Before using the tokenization feature, please contact Heimdall support, to adjust the setup with specific requirements, helping to avoid potential slowdowns in performance.

When configuring masking and tokenization for a same column, only the masking will be performed.

Additional examples of using response rules

Create two rules, one for the "honey token" alert and one for delete row that will delete that honey token, so that the final user only sees the alert but not the "honey token" data. The number of rows and their size would be computed after that operation, so from the perspective of the user (who doesn't have access to the HeimdallData Centrall Management console ) they wouldn't know that any "honey token" was queried.

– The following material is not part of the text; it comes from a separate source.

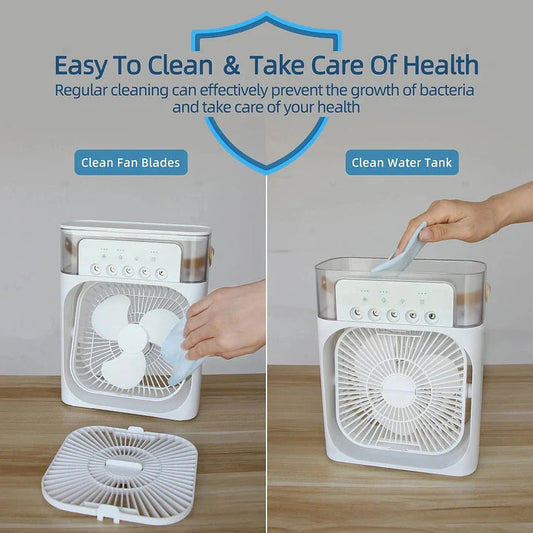 Portable Air Conditioner Fan Usb Electric Fan With Led Night Light, Fine Mist Water, And Humidifier Function | Led Night Light Water Mist – Random Color 10 Inch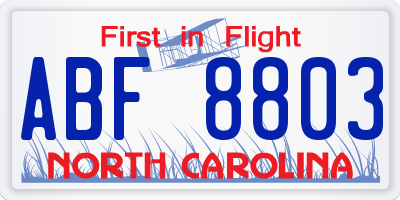 NC license plate ABF8803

When working with application like DBeaver, we need to load a lot of data at startup, including all the tables, even if we need only a few of them. We can use Delete Row rule, to edit the metadata results from information schema so that all unnecessary tables/partitions are removed from the metadata, greatly reducing amount of data load to DBeaver, and improving boot time for users.

For example, you can create a response rule configuration, where the first rule has the 'Delete Row' action using 'Column Name Regex' as 'tables:pg_database' & 'columns:datname' and using 'Column Row Regex' as 'notMatch:${catalog}' to delete all rows except those containing the database you are connecting, so on initial connection all databases except ${catalog} will be hidden. The second rule has the 'Mask Row' action using 'Column Name Regex' as 'tables:gp_settings,gp_stat_activity' and replace with * each character of data, so all data in both tables will be masked.